• _What to do_: Copy out the data below as written; omit any images.

==== Recorded information

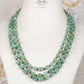 Natural Green Beryl & Garnet Gemstone Beads Necklace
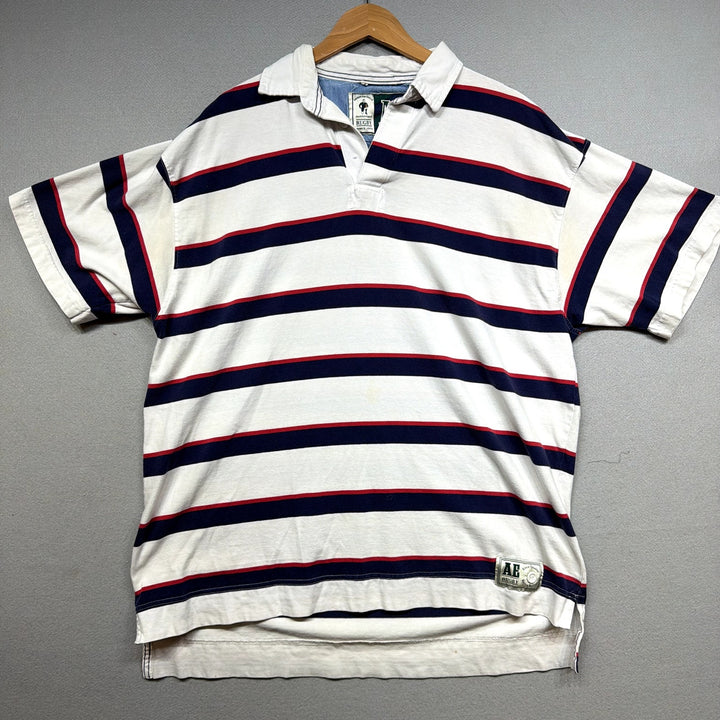 Vintage American Eagle Rugby Polo Shirt Size Large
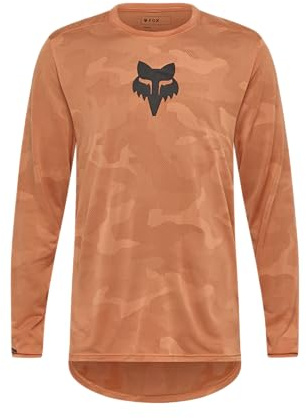 Fox Racing Ranger Tru Dri LS Abbigliamento da Moto Unisex Jersey, Trasparente, L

========

• _Expected answer_:
 Natural Green Beryl & Garnet Gemstone Beads Necklace
 Vintage American Eagle Rugby Polo Shirt Size Large
 Fox Racing Ranger Tru Dri LS Abbigliamento da Moto Unisex Jersey, Trasparente, L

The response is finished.